PROBLEM TO SOLVE
The whole listing below is to be copied exactly, with every picture left out.

DATASET EXCERPT
—————
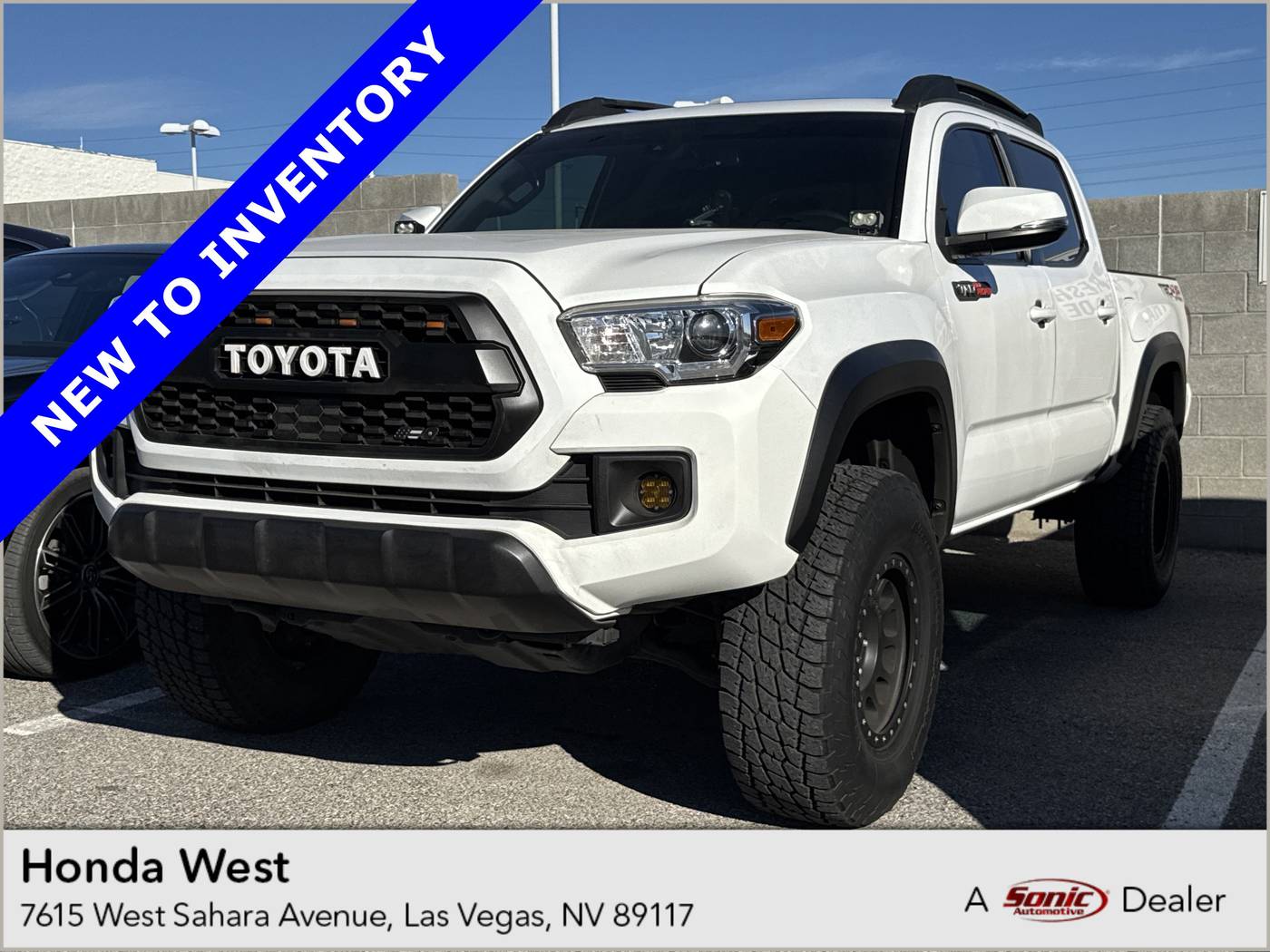 2018 Toyota Tacoma TRD Off Road — Pickup Truck — 74,402 mi — Las Vegas, NV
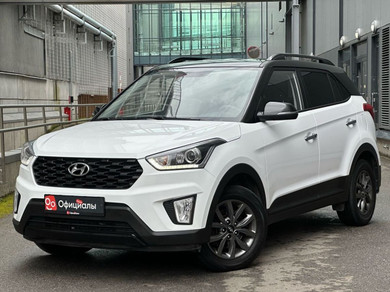 Автомобиль с пробегом Hyundai CRETA в городе Санкт-Петербург ДЦ - ОколоОфициалы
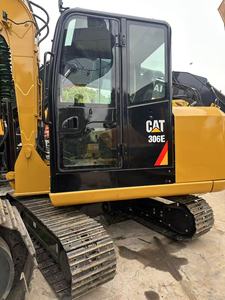 Toutes les fonctions testées |   Parfait pour les flottes de location, mini-excavatrice 306e d'occasion, mini-excavatrice Cat 305 306 sans fuites - Product Image 5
—————
REPLY
 2018 Toyota Tacoma TRD Off Road — Pickup Truck — 74,402 mi — Las Vegas, NV
 Автомобиль с пробегом Hyundai CRETA в городе Санкт-Петербург ДЦ - ОколоОфициалы
 Toutes les fonctions testées |   Parfait pour les flottes de location, mini-excavatrice 306e d'occasion, mini-excavatrice Cat 305 306 sans fuites - Product Image 5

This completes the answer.